Dumbstruck by shock and fear, the youngster and his brother Russell, then aged just 12 and 13, watched on helplessly as their father, Silas Duane Boston , hogtied a young couple, covered their faces with plastic bags, weighed them down with enormous metal gears and pushed them off his boat to their deaths.

Vince's voice is calm and measured as he speaks about the day he witnessed the horrific final moments of Manchester graduates Chris Farmer and Peta Frampton, off the coast of central America in the summer of 1978.
"I was just in shock, my knees were just shaking. We didn't say anything, we were speechless, it's like watching a horror movie in real life."
Manchester Grammar School old boy Chris, 25, had just qualified as a doctor, while Peta, 24, a former Whalley Range High School girl, had just qualified as a lawyer when they left to travel the world in 1977.

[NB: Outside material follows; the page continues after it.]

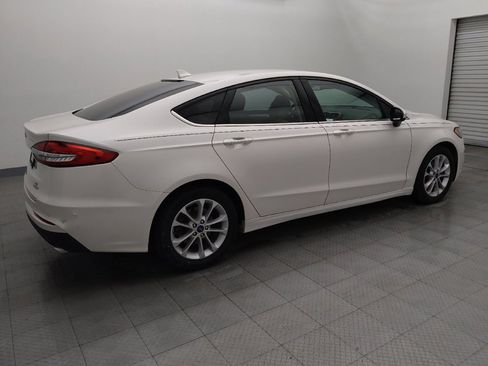 Used 2020 Ford Fusion SE image 10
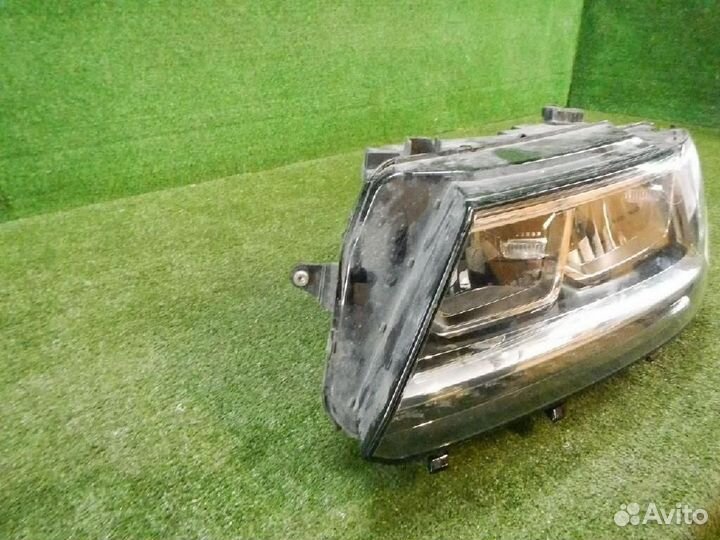 Фара левая Volkswagen Tiguan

Chris Farmer and Peta Frampton grew up together in Chorlton (Image: Penny Farmer)
They would never come home.

Now the story of their tragic fate, their family's decades-long search for answers, the bravery of the killer's two sons, and how he escaped justice after an evil past, are all told in a new podcast series.
In one of Peta's many letters to her family before she and Chris vanished, she explained that they had met an American named 'Dwayne' who offered to take them from Belize to Mexico as crew members on his 32ft wooden sailing boat, the Justin B, with his young sons.
At some point during the journey, Chris had chided Boston for bullying one of the boys.
The drunken skipper had taken a swing at Chris but missed, falling into the ocean.
Humiliated, he vowed revenge.
Speaking to BBC 5 Live journalists Dan Maudsley and Stephen Nolan for Paradise, the podcast about the case, Vince recalls in graphic detail what happened next.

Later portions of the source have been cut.